我们再将目光转向西方。且不说没有独立书房的作家,就已有条件辟书房的文人而言,俄国大文豪托尔斯泰故居位于俄罗斯图拉州的雅斯纳亚·波良纳镇,是座庄园,很大,据说占地338公顷,故现称“托尔斯泰庄园博物馆”。托翁在庄园居住写作垂60年,但惜乎没有书房名流传下来。英国著名小说家狄更斯的故居在伦敦道蒂街,是一座三层楼建筑,现辟为"狄更斯博物馆",狄更斯就是在这里走上文坛,名闻天下的。其二楼原为其书房和客厅,也未闻有斋名传世。法国浪漫主义作家的代表人物“雨果故居博物馆”,位于巴黎市中心的孚日广场,雨果从1832年至1848年居住在此。书房在二楼,笔者参观过,也没见书房名。只见书桌很高,像个中国的五斗橱,长而不宽,上面放着摊开的纸和笔。令人奇怪的是书桌前没有椅子,原来雨果习惯站着写作,他的代表作如《巴黎圣母院》、《悲惨世界》等,都是站着写出来的。美国大文豪海明威故居坐落于美国本土最南端的小镇西锁岛,被称为“日落故乡”。这是一栋漂亮的别墅,里面有海明威的起居室、卧室、餐厅、厨房、卫生间,游泳池,还有他的两间书房,但同样没有名字。
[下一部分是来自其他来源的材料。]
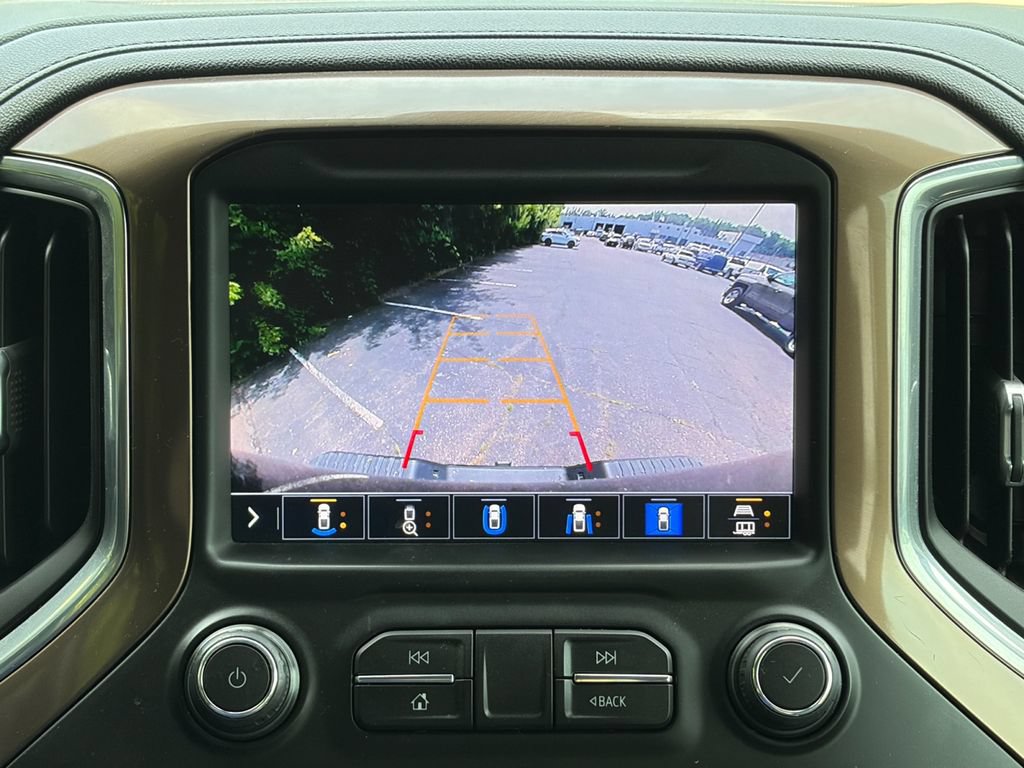 Used 2020 Chevrolet Silverado 2500 High Country w/ Z71 Off-Road Package AWD/4WD image 16
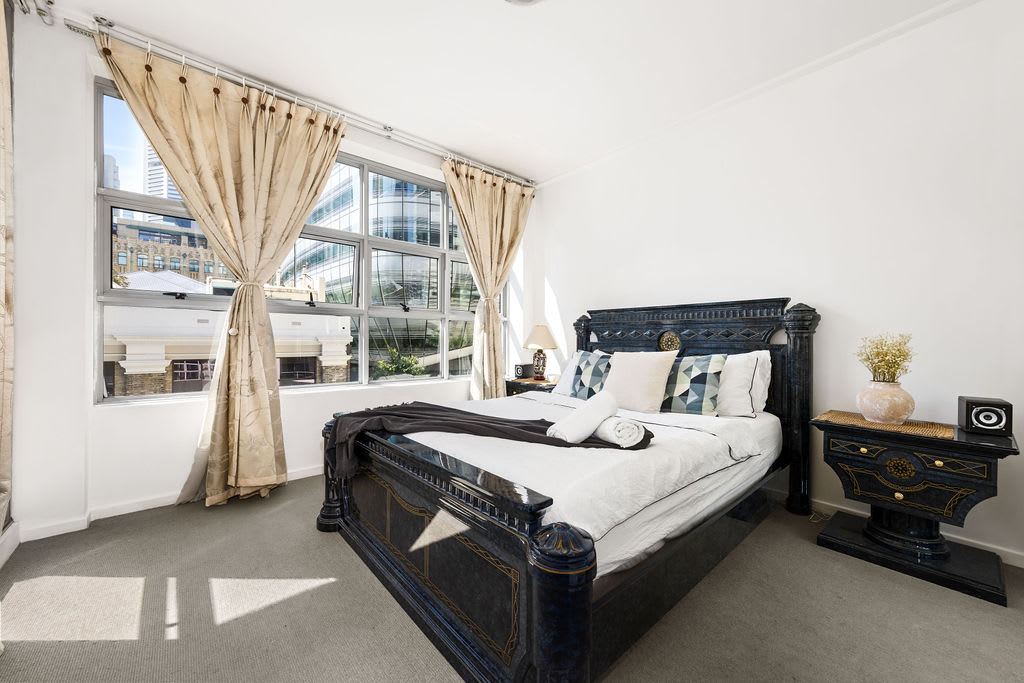 A Stylish Apt for 6 Right Next to Darling Harbour — Sydney, New South Wales — vacation rental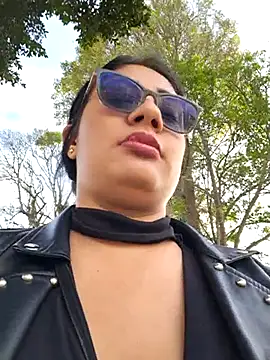 Monse--145 online show from April 30, 2026, 8:57 pm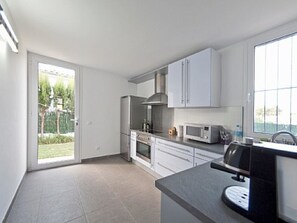 Kitchen / Dining Room - Villa DOMUS GENTI con bbq y piscina privada muy cerca de la playa - WiFi Gratis by Interhome (Son Serra de Marina)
再来看看一位诺贝尔文学奖获得者的书房吧。他是爱尔兰诗人谢默斯·希尼,1995年,由于他的诗“具有抒情诗般的美和伦理深度,使日常生活中的奇迹和活生生的往事得以升华”,荣获诺贝尔文学奖,是公认的当今世界最好的英语诗人和天才的文学批评家。他是这样描写自己的书房:“从书房窗户望出去,正映入眼帘的是都柏林湾和霍斯头岬角的开阔海景。我的书桌是由一块厚木板放置在两个文件柜上而搭建而成的写作台。如果我有一个极其完美舒适的创作环境的话,我的写作灵感怕是会为此而消散不见了的。在10年前我添加了一个双面向的大书架,以解决我的藏书问题。书桌前是我儿子为我买来的黑啤,旁边是一个银质的威士忌酒测量杯。一杯下肚,思如泉涌。”书房很简陋,环境很优美,也无书房名,其写作大有“李白斗酒诗百篇”之慨。
对于条件较差的作家来说,更是不会想到为书房起名字了。法国作家巴尔扎克在被称为“鸟笼子”和“室中坟墓”的小阁楼中写出了《人间喜剧》,他把阁楼喻为藏储“伟大人物的阔口瓶”,就是没有给它起个像样点的书房名字。英国作家萧伯纳的工作室,是一间可以移动的斗室,天冷时可以让它朝阳,天太热时又可以把它推回到阴凉处,也没想到为它起个心仪的书房名。英国浪漫主义诗人雪莱以杉林为工作室,像一只野鸟似的置身洞里读书、写诗,哪里还有书房名可言。
参观作家故居,如果没有见到作家写作的书房 那是一件十分遗憾的事。参观卡夫卡的故居就遇到了这样的遗憾事。西方现代主义文学的大师、捷克著名作家卡夫卡的故居——黄金巷22号,位于布拉格一条很短的砖石铺成的街道里,十多平方米的小屋,已经改作了一家琳琅满目的书店,可以设想当年其写作环境是多么艰苦,根本不可能有什么专门的书房供他写作,遑论什么书房名了。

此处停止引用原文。